## Your instructions
Using the records below, return exactly the lines from the one containing "multi colored metal" through the last, and omit pictures.

Start of Data for this exercise

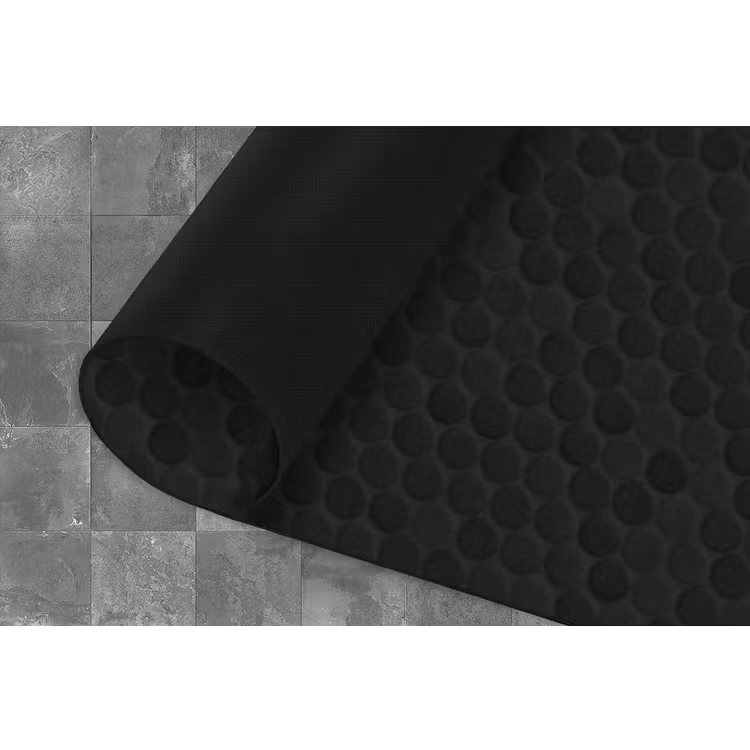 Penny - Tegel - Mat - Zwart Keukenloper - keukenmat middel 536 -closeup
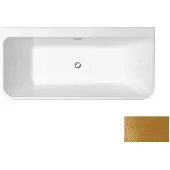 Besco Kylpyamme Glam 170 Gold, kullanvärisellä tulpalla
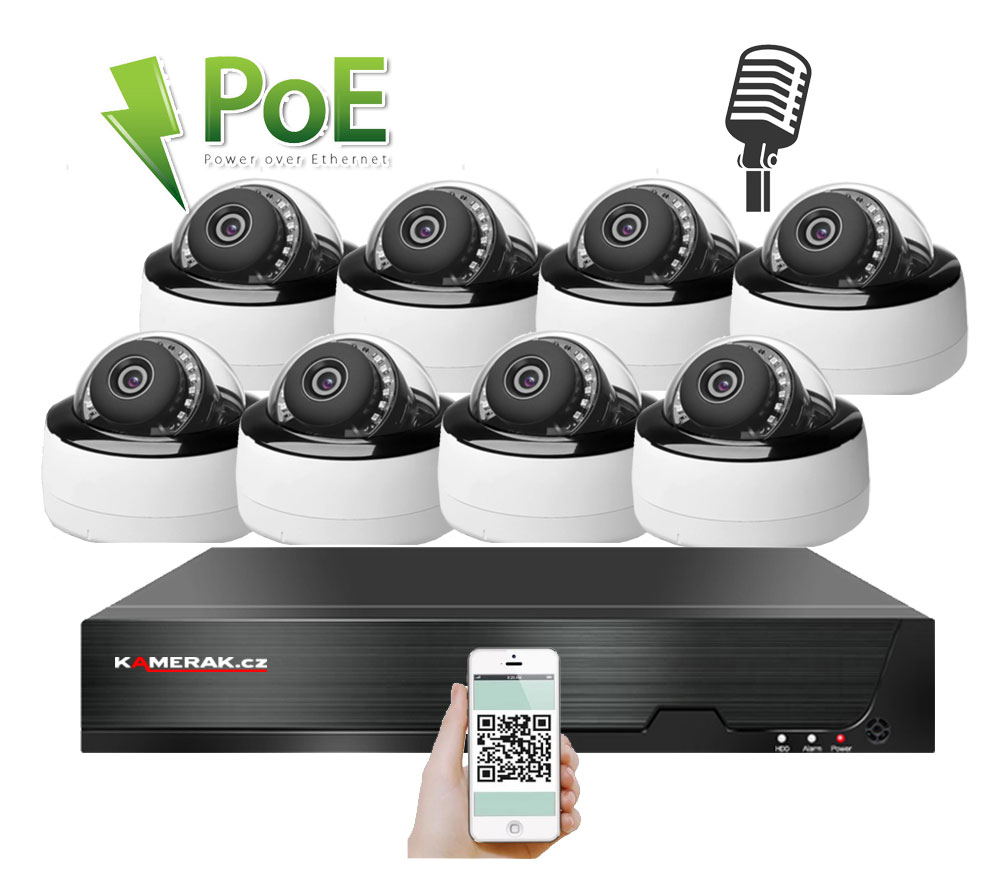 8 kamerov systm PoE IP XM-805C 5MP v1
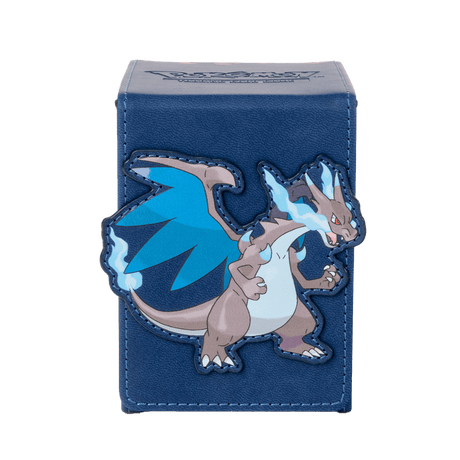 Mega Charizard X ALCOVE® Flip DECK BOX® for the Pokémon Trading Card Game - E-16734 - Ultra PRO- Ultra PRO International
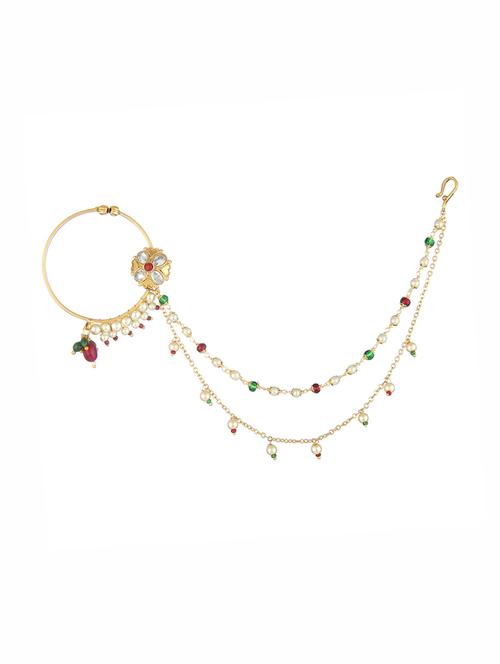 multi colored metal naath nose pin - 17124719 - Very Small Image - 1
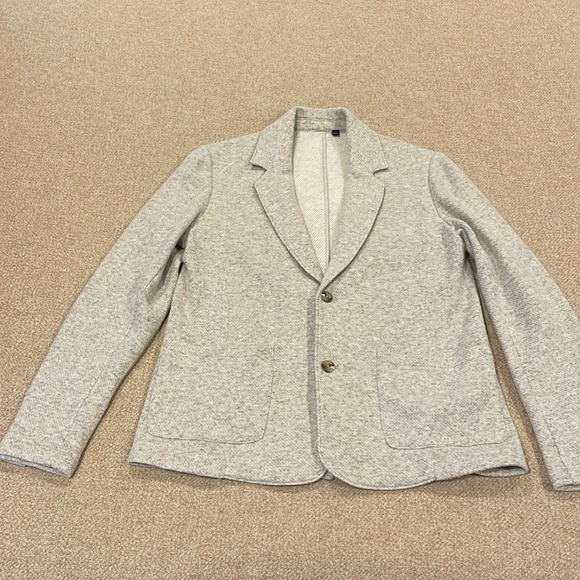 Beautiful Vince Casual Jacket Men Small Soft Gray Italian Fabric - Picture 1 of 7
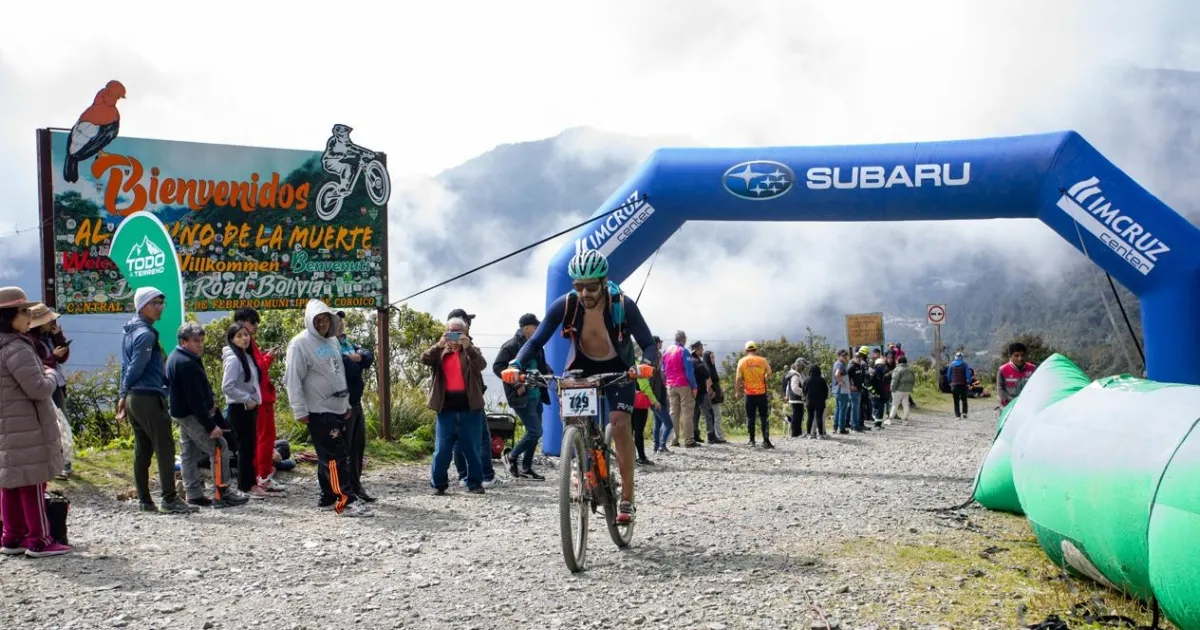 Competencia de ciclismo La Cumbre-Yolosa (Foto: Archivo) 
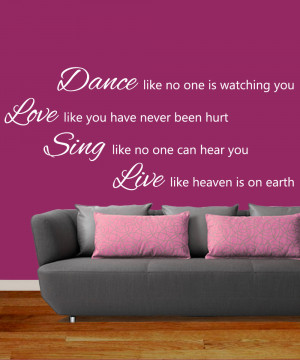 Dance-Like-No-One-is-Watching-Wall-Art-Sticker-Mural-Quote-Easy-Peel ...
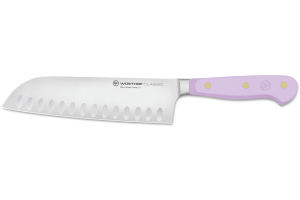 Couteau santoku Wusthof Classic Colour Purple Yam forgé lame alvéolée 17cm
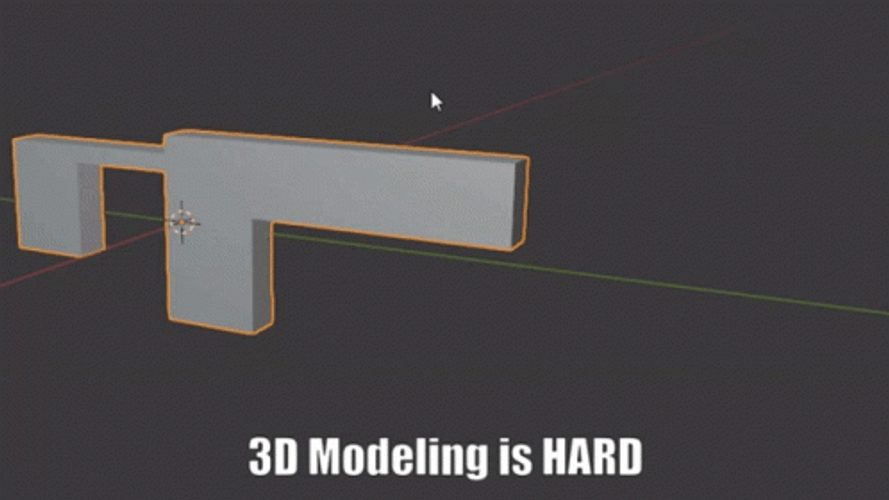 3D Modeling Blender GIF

End of Data for this exercise

## Reply
 multi colored metal naath nose pin - 17124719 - Very Small Image - 1
 Beautiful Vince Casual Jacket Men Small Soft Gray Italian Fabric - Picture 1 of 7
 Competencia de ciclismo La Cumbre-Yolosa (Foto: Archivo) 
 Dance-Like-No-One-is-Watching-Wall-Art-Sticker-Mural-Quote-Easy-Peel ...
 Couteau santoku Wusthof Classic Colour Purple Yam forgé lame alvéolée 17cm
 3D Modeling Blender GIF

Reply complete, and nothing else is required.